__Source material__.
▬▬▬▬▬▬

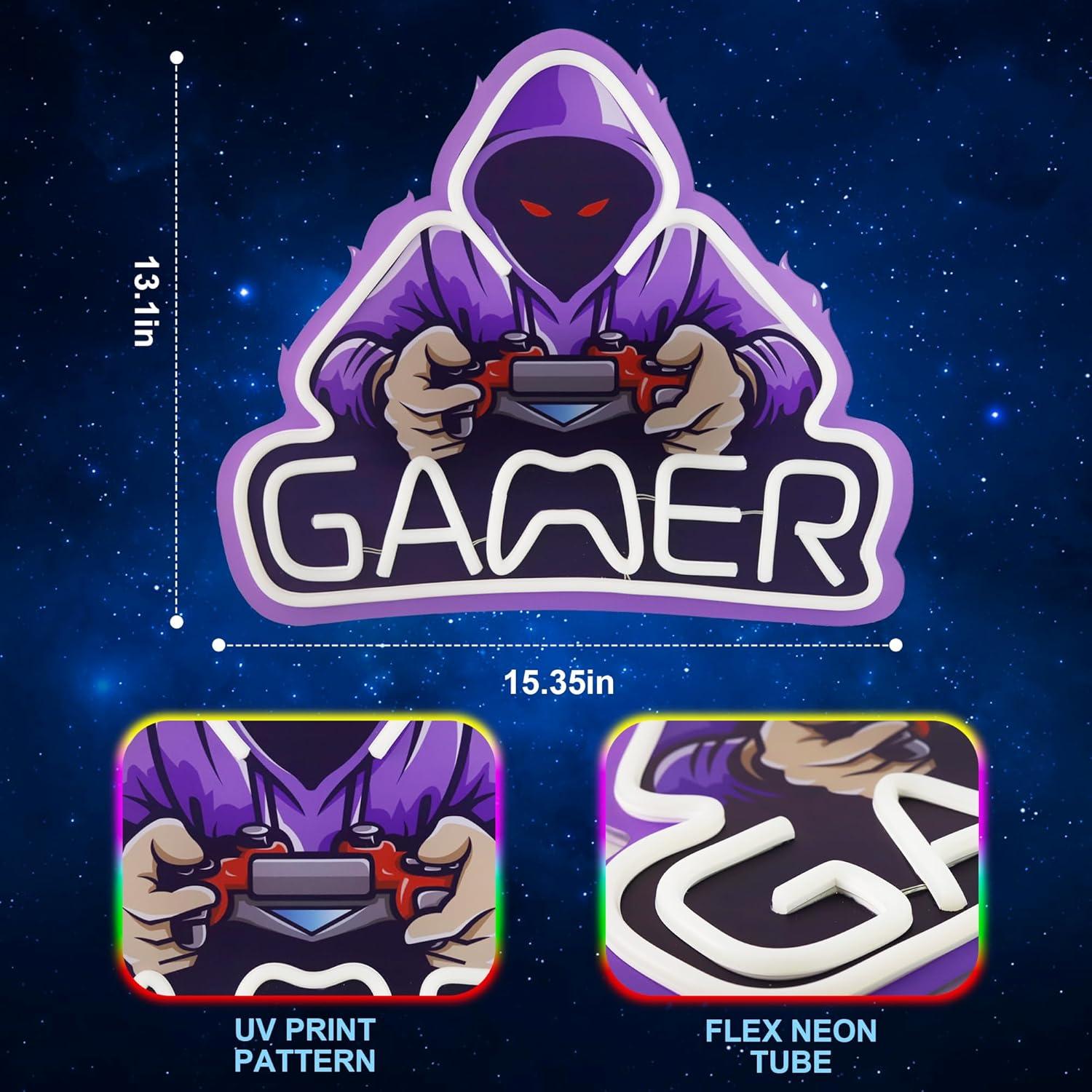Letrero Neon LED Gamer Kavaas 39x33 cm Decoración Pared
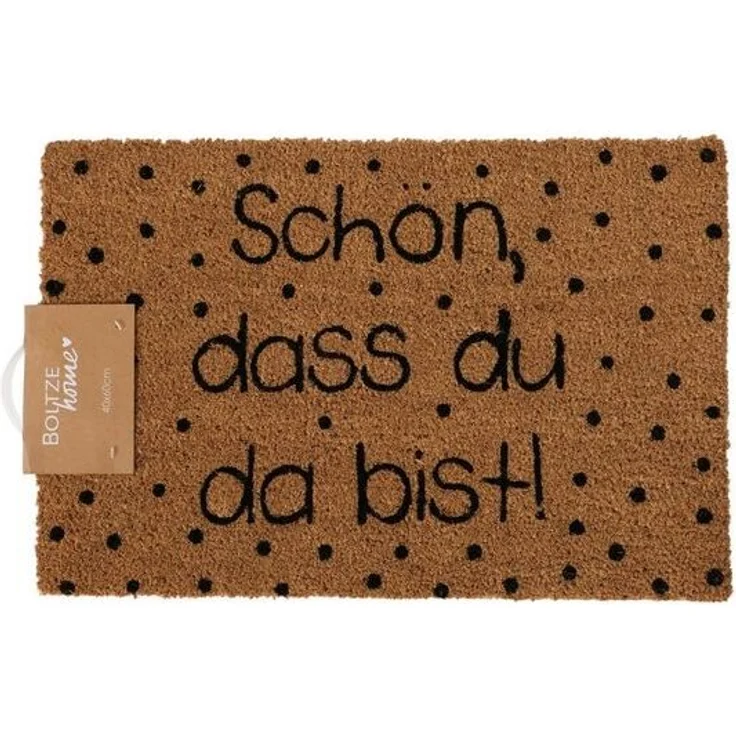 BOLTZE Fußmatte Fußmatte SCHÖN, DASS DU DA BIST natur schwarz mit Punkten aus Kokos PV – Bild 2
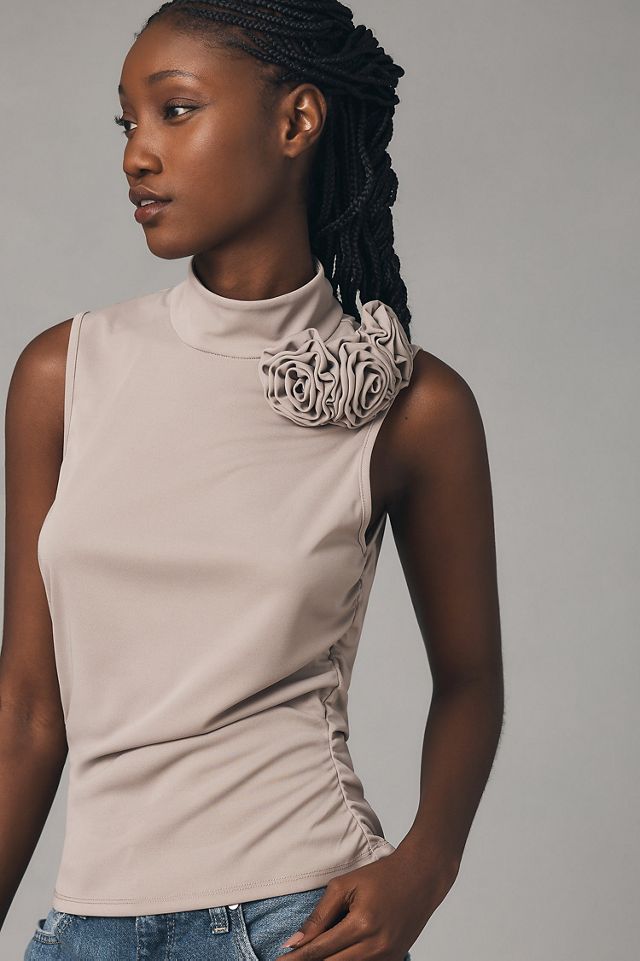 WAYF 3D Floral Mock-Neck Tank #2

▬▬▬▬▬▬

__Work request__.
The entire listing above, word for word and without pictures, is what should be output.

__Answer to this problem__.
Letrero Neon LED Gamer Kavaas 39x33 cm Decoración Pared
 BOLTZE Fußmatte Fußmatte SCHÖN, DASS DU DA BIST natur schwarz mit Punkten aus Kokos PV – Bild 2
 WAYF 3D Floral Mock-Neck Tank #2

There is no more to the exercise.